Question

An insulated piston-cylinder device initially contains \(0.01 \mathrm{m}^{3}\) of saturated liquid-vapor mixture with a quality of 0.2 at \(120^{\circ} \mathrm{C}\). Now some ice at \(0^{\circ} \mathrm{C}\) is added to the cylinder. If the cylinder contains saturated liquid at \(120^{\circ} \mathrm{C}\) when thermal equilibrium is established, determine the amount of ice added. The melting temperature and the heat of fusion of ice at atmospheric pressure are \(0^{\circ} \mathrm{C}\) and \(333.7 \mathrm{kJ} / \mathrm{kg},\) respectively.

Short answer

Answer: Approximately \(8.9462 \mathrm{kg}\) of ice is added to the piston-cylinder device.

Step-by-step solution

Determine the initial mass of the liquid-vapor mixture

For a saturated liquid-vapor mixture, the specific volume \(v\) is given by: $$ v = (1-x)v_f + xv_g $$ Where \(x\) stands for the quality, while \(v_f\) and \(v_g\) are the specific volumes of the saturated liquid and saturated vapor, respectively. We are given the quality (\(x = 0.2\)) and the total volume (\(V = 0.01 \mathrm{m}^3\)). To find \(v_f\) and \(v_g\) at \(120^{\circ}\mathrm{C}\), we can use the steam tables.
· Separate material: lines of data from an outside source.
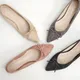 Chaussures plates pointues avec nœud pour femmes ballerines noires plates pliables rose gris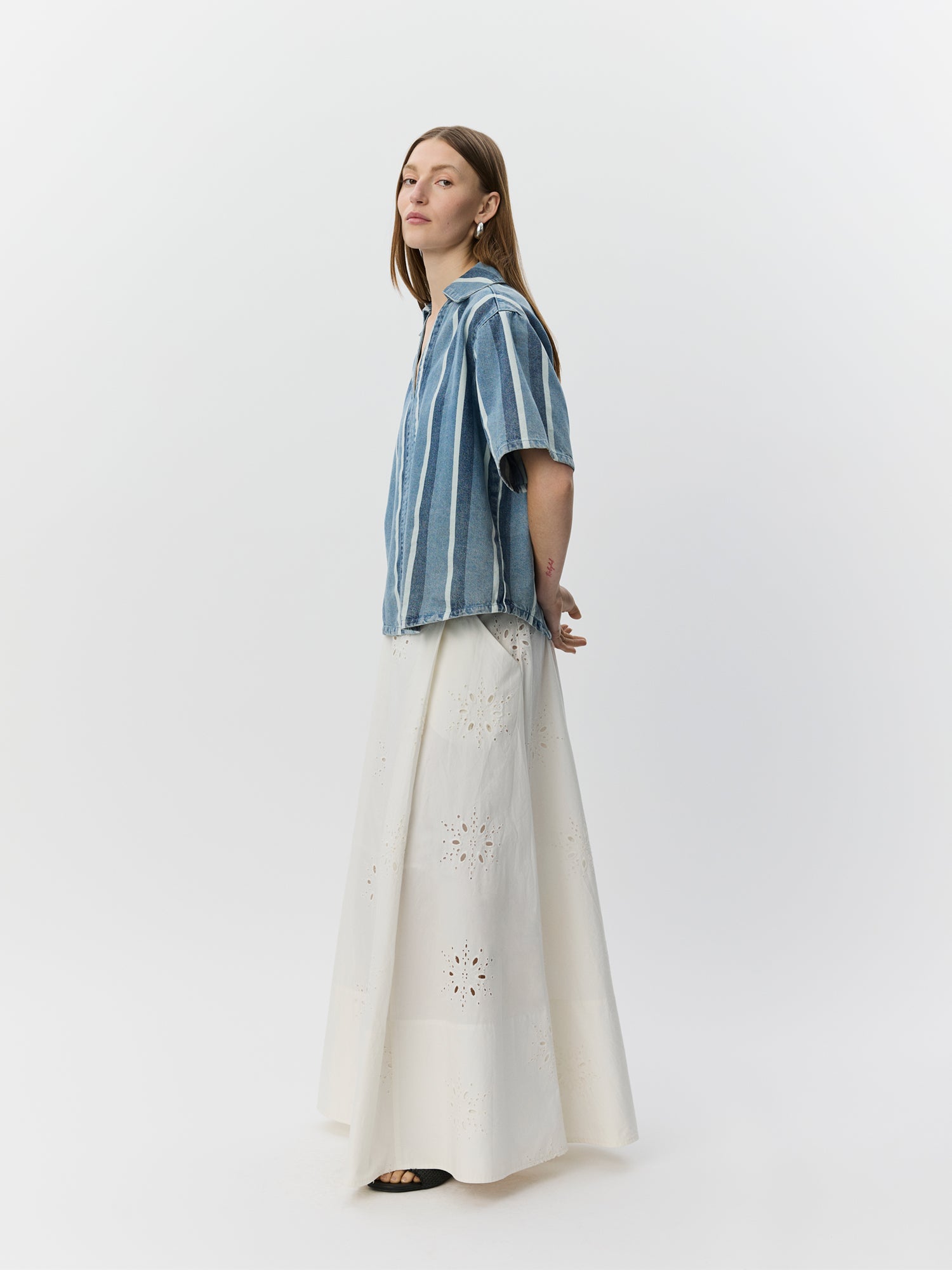 Sofie Schnoor WOMEN MAKISW STRIPET DENIM SKJORTE Skjorte 5123 Blue denim Stripe
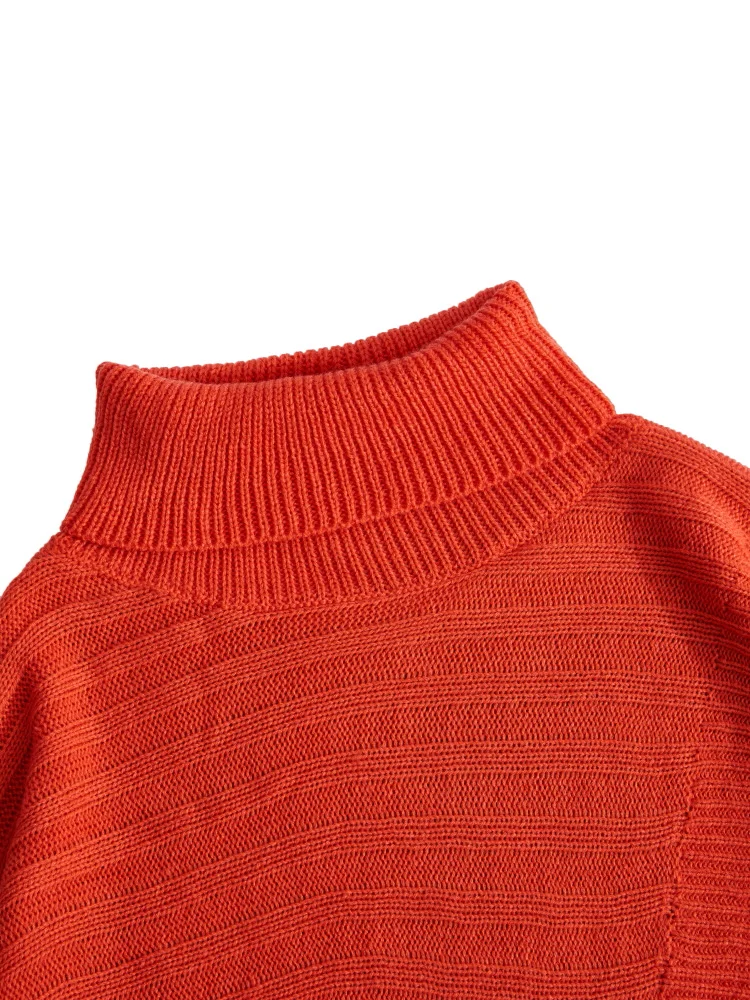 ONELINK Orange Brown Asymmetric Design Mock Neck Batwing Plus Size Autumn Winter Women Pullover Sweater Oversize Woolen Clothing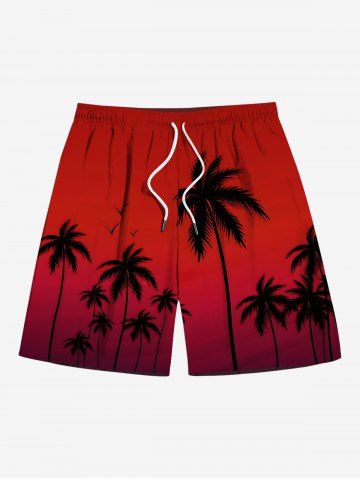 Plus Size Ink Painting Coconut Tree Ombre Print Hawaii Drawstring Pocket Beach Shorts For Men - RED - 7XL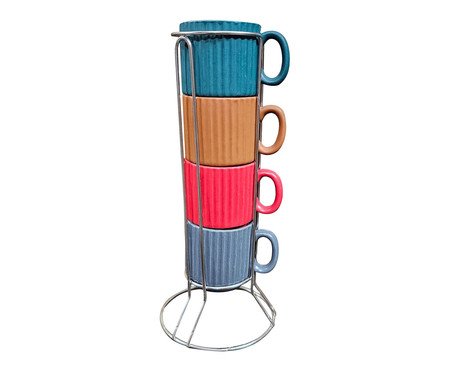 Jogo de Xícaras para Café Striatto Colorido | Westwing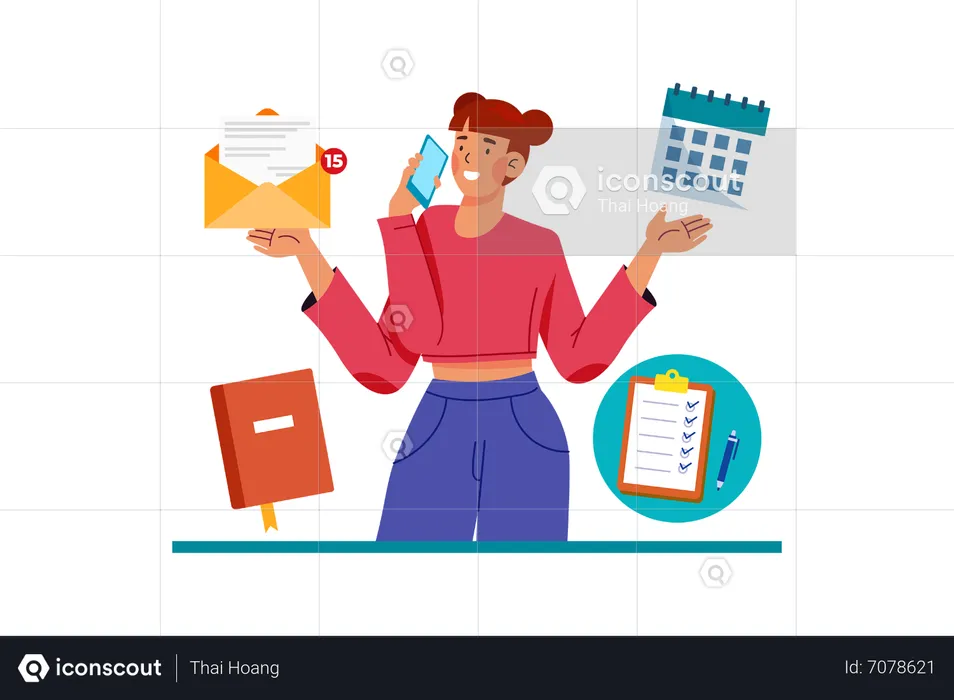 Personal assistant scheduling meetings and managing email while on phone calls  Illustration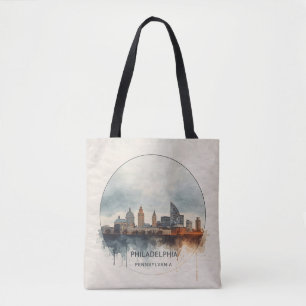 Tote Bag Philadelphie ville Pennsylvanie  aquarelle ligne d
At \(120^{\circ}\mathrm{C}\), from the steam tables, we have: - \(v_f = 0.00106 \mathrm{m}^3/\mathrm{kg}\) - \(v_g = 0.0993 \mathrm{m}^3/\mathrm{kg}\) Now, we can find the specific volume \(v\) of the mixture: $$ v = (1-0.2) \times 0.00106 + 0.2 \times 0.0993 = 0.0205 \mathrm{m}^3/\mathrm{kg} $$ To find the initial mass of the liquid-vapor mixture \(m_{initial}\), we can use: $$ m_{initial} = \frac{V}{v} = \frac{0.01}{0.0205} = 0.4878 \mathrm{kg} $$

Calculate the mass of liquid formed due to melting and heating of ice

To find the mass of liquid formed due to the melting of ice and heating it to \(120^{\circ}\mathrm{C}\), we can set up an energy balance equation. Let \(m_{ice}\) be the mass of ice added and \(Q_{in}\) be the energy transferred from the surroundings to the system. The energy balance equation can be written as: $$ Q_{in} = m_{ice}(hf_{ice} + c_{pw}(120 - 0)) $$ Where \(hf_{ice}\) is the heat of fusion of ice and \(c_{pw}\) is the specific heat of water. They are given: - \(hf_{ice} = 333.7 \mathrm{kJ/kg}\) - \(c_{pw} = 4.18 \mathrm{kJ/kg\cdot K}\) We can now rewrite the energy balance equation as: $$ Q_{in} = m_{ice}(333.7 + 4.18 \times 120) = 833.6m_{ice} $$

Determine the final mass of the saturated liquid

When thermal equilibrium is established, there will be saturated liquid at \(120^{\circ}\mathrm{C}\) in the piston-cylinder device. The final mass of the saturated liquid \(m_{final}\) can be obtained using the specific volume of the saturated liquid (\(v_f\)) at \(120^{\circ}\mathrm{C}\): $$ m_{final} = \frac{V}{v_f} = \frac{0.01}{0.00106} = 9.4340 \mathrm{kg} $$

Find the amount of ice added

To find the mass of ice added \(m_{ice}\), subtract the initial mass of the liquid-vapor mixture from the final mass of the saturated liquid: $$ m_{ice} = m_{final} - m_{initial} = 9.4340 - 0.4878 = 8.9462 \mathrm{kg} $$ Hence, the amount of ice added to the piston-cylinder device is approximately \(8.9462 \mathrm{kg}\).